The L3 cache is designed to be shared by all the cores and is 8MB in the initial Core i7, although its size varies depending on the number of cores. The significantly large memory in the L3 is for managing communication between cores. This means that multi-threaded applications that require use of all cores will take advantage of the shared L3 cache greatly. The main reasoning for an inclusive L3 cache is that it contains all the data stored in the L1 and L2 caches. This ensures that there is an increase in performance and power consumption because the cache’s hierarchy is set up so that if a core tries to access a data item and it is not present in the Level 3, then the data won’t be located in any other of the other cores’ private caches. Contrariwise, if the data is present then there are 4 bits associated with each line of the cache memory that show whether the data is possibly located in the lower-level cache of another core (and which core). Therefore, if the CPU doesn’t find the required data in the L3 cache then this means that is doesn’t have to look for the data in the L1 or L2 caches because it won’t be there.

Performance comparisons

In order to gain more perspective on the effectiveness of the Intel Core I7(Nehalem) we will look at previous research which compares its performance to that of other quad-core processors. The paper Performance Evaluation of the Nehalem Quad-core Processor for Scientific Computing compares the performance of the Nehalem to two first-generation quad-core processors, the AMD Opteron 8350 (Barcelona) and the Intel Xeon X7350 (Tigerton). AMD’s Barcelona’s specs include each core having a private 64KB LI cache and a private 512KB L2 cache, and each processor has a shared 2MB L3 cache. For Intel’s Tigerton Intel gave each core a private 64KB LI cache (32KB data + 32KB instruction), while the two cores on each side share a 4MB L2 cache for a total of 8MB L2 cache.

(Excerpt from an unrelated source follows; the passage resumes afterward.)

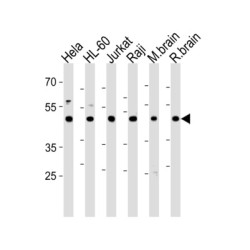 C-Terminal-Binding Protein 1 (CTBP1) Antibody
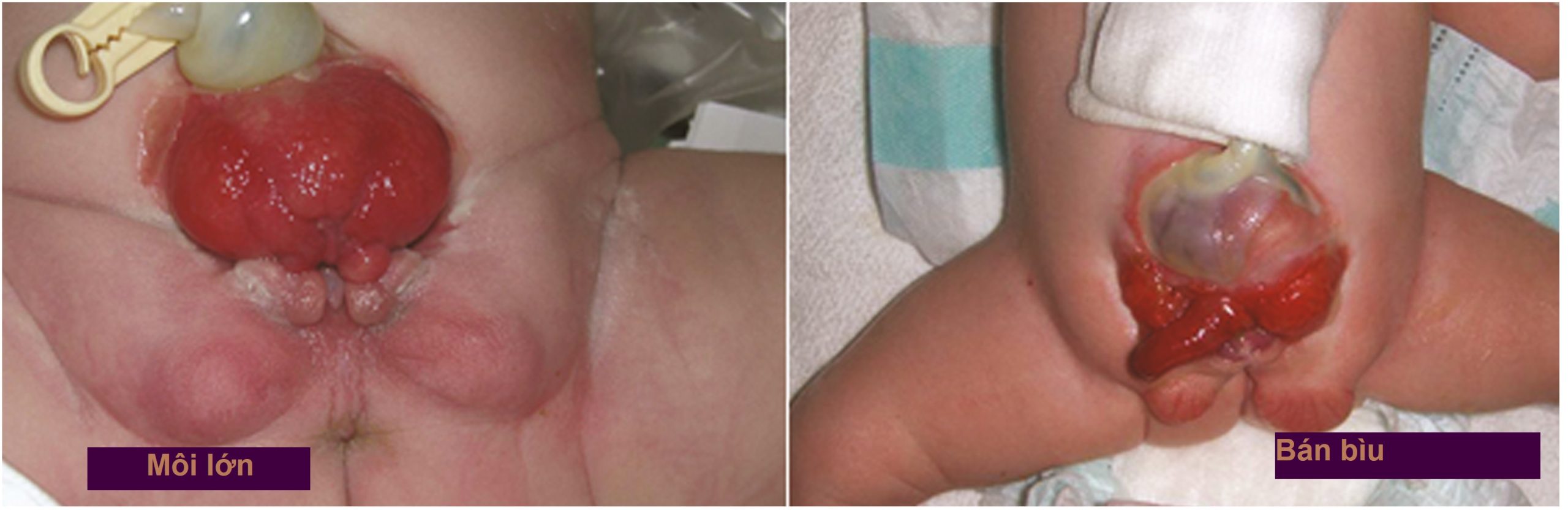 Nội tiết học Bà mẹ – Thai Nhi và Sơ Sinh (Ấn bản thứ 2, 2026). CHƯƠNG 48. RỐI LOẠN PHÁT TRIỂN GIỚI TÍNH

The following table lists the characteristics of each quad core processor.

The authors of this paper compare each of the processors by using different types of memory intensive applications. The following shows the results of comparing the single-core performance between these architectures.

The graph on the left compares the time it took for one iteration of the test loop to run and shows the results between each processor on each specific application. The graph on the right shows the advantage of Nehalem such that a value of 1.0 means that they have the same performance, and a value of 2 means that there is 2x improvement in performance. From the graph we can conclude that Nehalem is about 1.1x to 1.8x faster than Tigerton and 1.6x to 2.9x faster than Barcelona. It is important to note that even though Nehalem has a clock speed of 2.8GHz which is slower than Tigerton at 2.93GHz, it still performs better in all of the different applications. We can conclude that Nehalem achieves a better performance due to improvements in the design of its memory and cache organization and that therefore in this case clock speed is not the sole predictor of performance or even the most definitive one.